*About this exercise:* Would you retype the whole listing verbatim, keeping pictures out of it?

*Data section:*
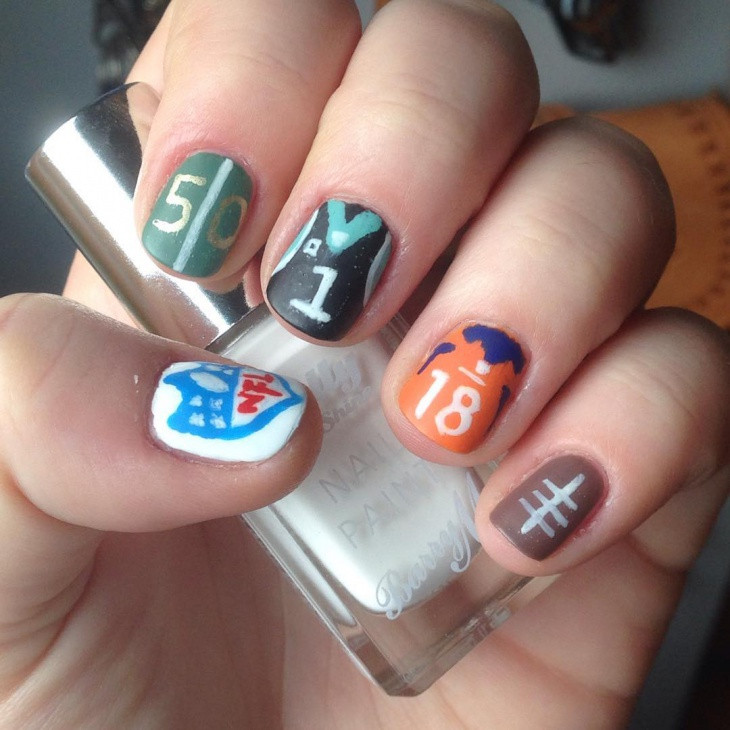 Football Nail Art Designs
 21 Football Nail Art Designs Ideas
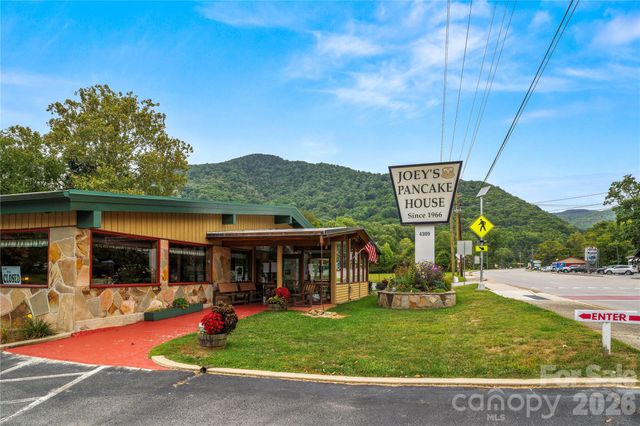 30 Sleeping Bear Ridge, Maggie Valley, NC 28751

*Expected answer:*
 Football Nail Art Designs
 21 Football Nail Art Designs Ideas
 30 Sleeping Bear Ridge, Maggie Valley, NC 28751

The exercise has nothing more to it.